The Kenya Roads Board (KRB) has received bids from a consortium of Citi bank, Absa, Renaissance Capital, Equity Group holdings and Rand Merchant Bank seeking to arrange a Ksh 150 Billion financing plan to fund roads development, maintenance, and rehabilitation. Further, Dyer and Blair and Africa Finance Corporation submitted a joint bid.
According to Bloomberg, another group led by NCBA group, Standard Chartered, Co-operative bank, and KCB Group also submitted their bids. Standard Group’s Kenyan Unit and Lion’s head also belong to this last group.
The funds from this bond will form the greater Ksh 800m roads bond necessary to complete ongoing road projects. Besides, Standard cites that inflows from the bond will help settle pending infrastructure-related bills.
“With the planned infrastructure bond of Sh150 billion, all infrastructure-related bills will be settled early this year and aid the completion of all ongoing road and infrastructure projects across our homeland,” Uhuru earlier said.
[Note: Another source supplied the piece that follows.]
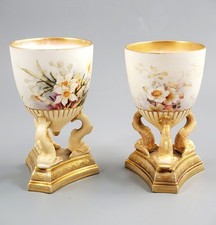 Doulton Burslem Pair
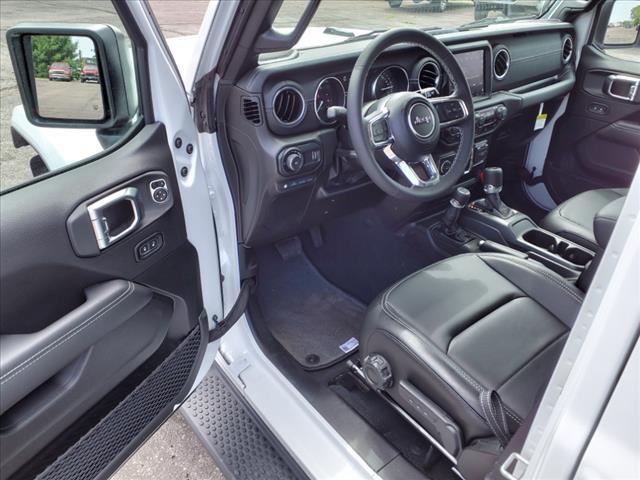 new 2023 Jeep Wrangler 4xe car, priced at $46,777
However, the bond faces possible backlash given upcoming laws which will require treasury approval for the debt instrument. According to Business Daily, the bond is subject to scrutiny before commitment to the funding. Sentiments on the issue stem from concerns of lack of transparency towards approvals for borrowing from the Public Debt Management Office.
The point here is this idea of approving on an ad hoc basis is what we need to remove such that we inculcate a culture of transparency such that everybody knows,” said Harun Sirima, The Director-General of the office.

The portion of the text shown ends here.